- RECORDS FOR THIS TASK:
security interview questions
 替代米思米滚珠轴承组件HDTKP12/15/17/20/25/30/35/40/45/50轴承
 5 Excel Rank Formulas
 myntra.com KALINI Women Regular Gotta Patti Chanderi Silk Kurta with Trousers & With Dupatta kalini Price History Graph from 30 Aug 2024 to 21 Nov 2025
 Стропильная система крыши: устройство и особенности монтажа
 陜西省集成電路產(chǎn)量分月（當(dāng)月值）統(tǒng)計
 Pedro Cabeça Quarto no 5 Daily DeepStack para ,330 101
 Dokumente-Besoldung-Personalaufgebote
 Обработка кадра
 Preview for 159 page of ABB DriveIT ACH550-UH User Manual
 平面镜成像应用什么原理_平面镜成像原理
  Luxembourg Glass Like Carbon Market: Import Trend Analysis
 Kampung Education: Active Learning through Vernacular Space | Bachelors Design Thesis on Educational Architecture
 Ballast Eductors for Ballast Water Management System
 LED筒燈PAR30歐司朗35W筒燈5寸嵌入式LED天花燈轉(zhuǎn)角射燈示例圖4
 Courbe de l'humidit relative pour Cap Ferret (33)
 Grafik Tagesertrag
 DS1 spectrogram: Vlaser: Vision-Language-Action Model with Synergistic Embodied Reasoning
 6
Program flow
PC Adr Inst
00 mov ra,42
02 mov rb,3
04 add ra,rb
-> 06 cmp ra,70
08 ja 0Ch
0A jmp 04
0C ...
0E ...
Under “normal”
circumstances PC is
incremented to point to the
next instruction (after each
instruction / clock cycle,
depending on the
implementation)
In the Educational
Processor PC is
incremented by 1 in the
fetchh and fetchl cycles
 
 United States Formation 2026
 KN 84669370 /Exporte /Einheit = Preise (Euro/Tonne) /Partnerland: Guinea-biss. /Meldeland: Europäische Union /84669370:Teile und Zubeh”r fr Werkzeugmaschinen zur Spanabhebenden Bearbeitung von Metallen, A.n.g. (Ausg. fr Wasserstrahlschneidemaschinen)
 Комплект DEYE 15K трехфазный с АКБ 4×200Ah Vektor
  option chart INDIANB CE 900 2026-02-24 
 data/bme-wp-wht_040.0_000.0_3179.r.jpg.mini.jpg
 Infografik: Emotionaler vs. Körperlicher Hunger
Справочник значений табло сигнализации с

- EXERCISE REQUIREMENTS: An exact copy of the entries from the line containing "option chart INDIANB CE 900 2026-02-24" through the last line is the expected answer.

- WRITTEN ANSWER:
  option chart INDIANB CE 900 2026-02-24 
 data/bme-wp-wht_040.0_000.0_3179.r.jpg.mini.jpg
 Infografik: Emotionaler vs. Körperlicher Hunger
Справочник значений табло сигнализации с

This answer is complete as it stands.